Exactly and only the lines below from the one containing "חדר סופריור לשלושה, Logis" down to the one containing "138 W SHARPNACK ST, Philadelphia, PA 19119" are wanted, both included; please exclude every picture.
Raw data section start
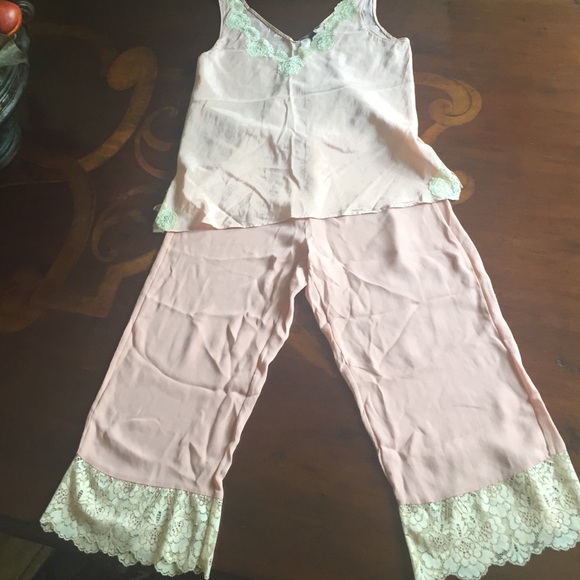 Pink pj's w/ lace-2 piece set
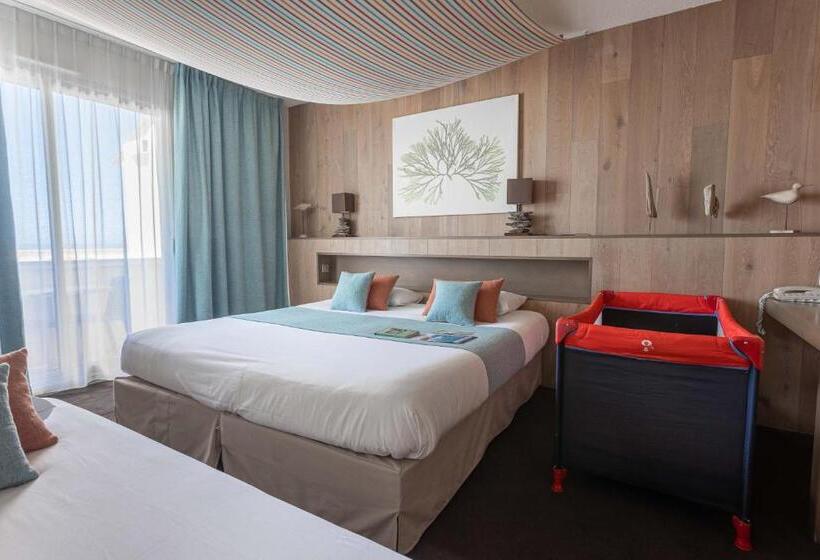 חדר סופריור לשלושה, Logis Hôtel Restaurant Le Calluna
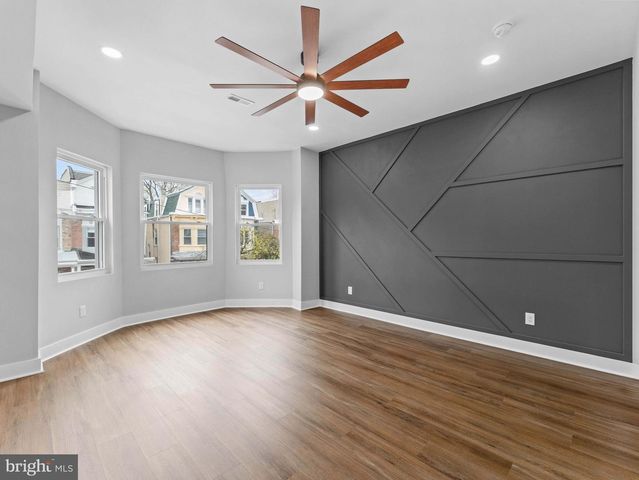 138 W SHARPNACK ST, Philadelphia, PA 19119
Raw data section end
Raw data section start
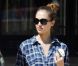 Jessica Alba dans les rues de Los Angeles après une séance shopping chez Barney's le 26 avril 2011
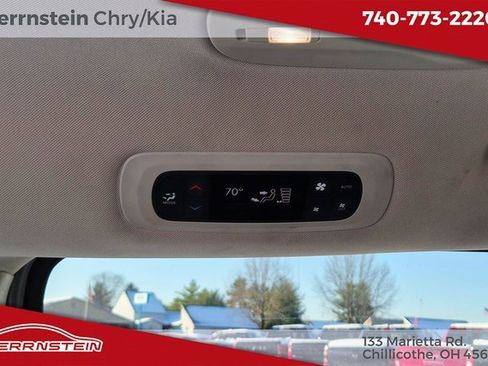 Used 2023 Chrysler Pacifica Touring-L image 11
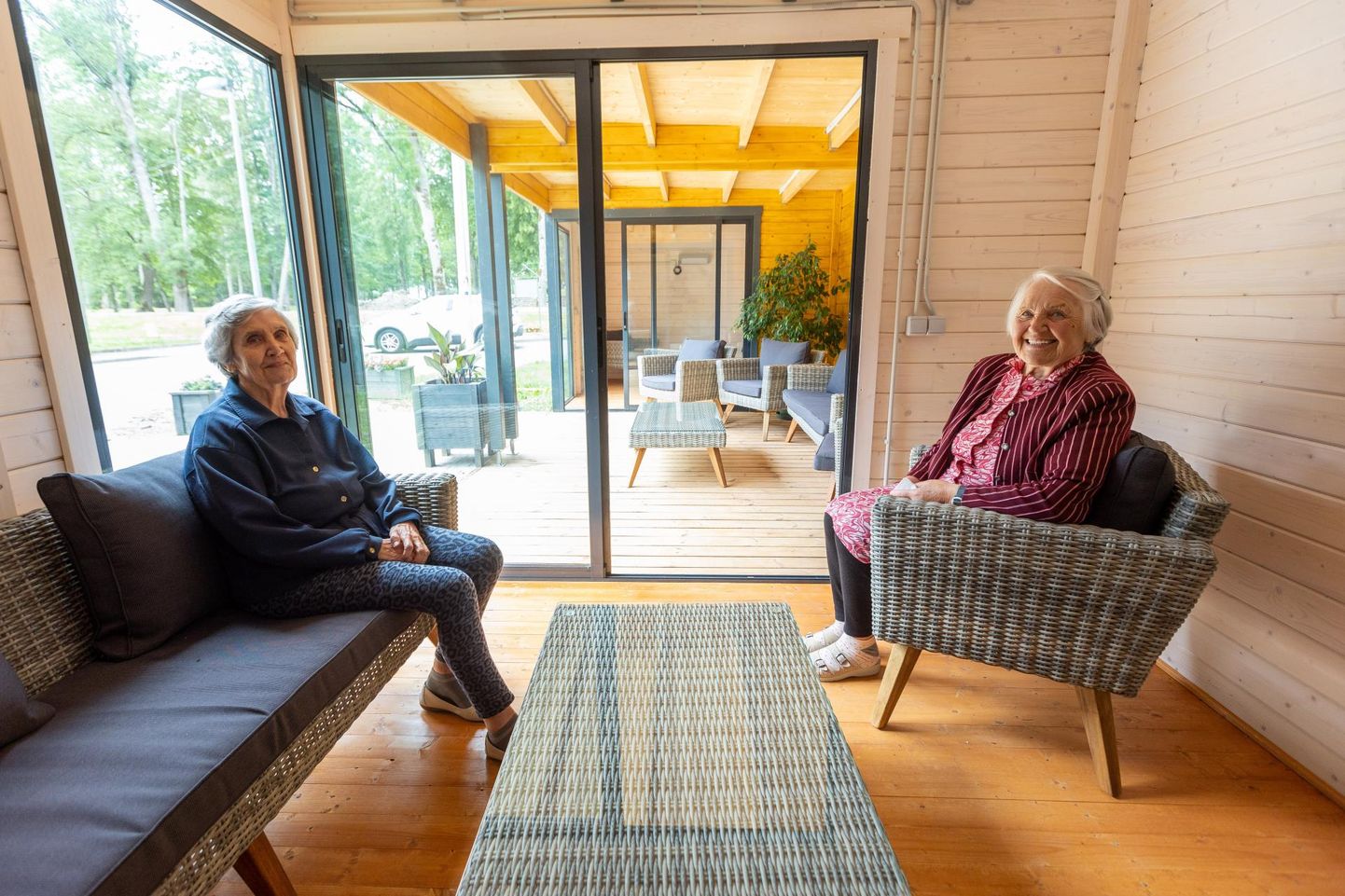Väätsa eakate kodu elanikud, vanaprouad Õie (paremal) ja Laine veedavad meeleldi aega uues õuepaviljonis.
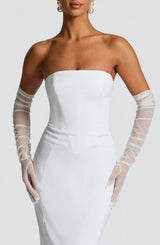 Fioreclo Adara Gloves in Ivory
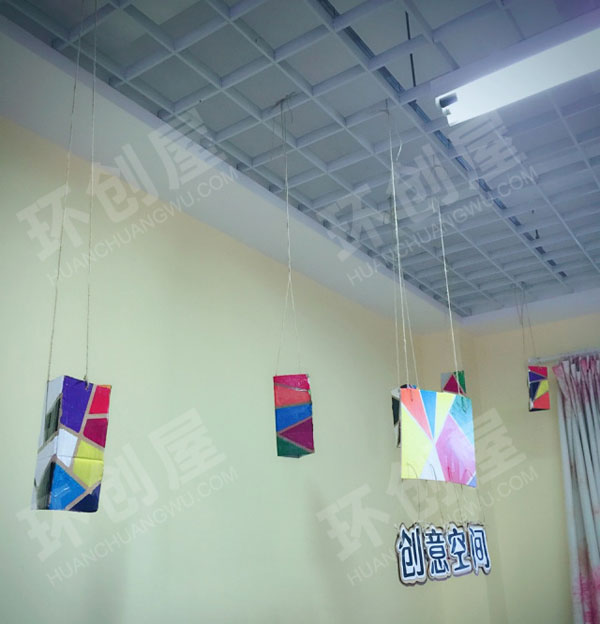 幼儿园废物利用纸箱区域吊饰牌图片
Raw data section end
The completed task.
 חדר סופריור לשלושה, Logis Hôtel Restaurant Le Calluna
 138 W SHARPNACK ST, Philadelphia, PA 19119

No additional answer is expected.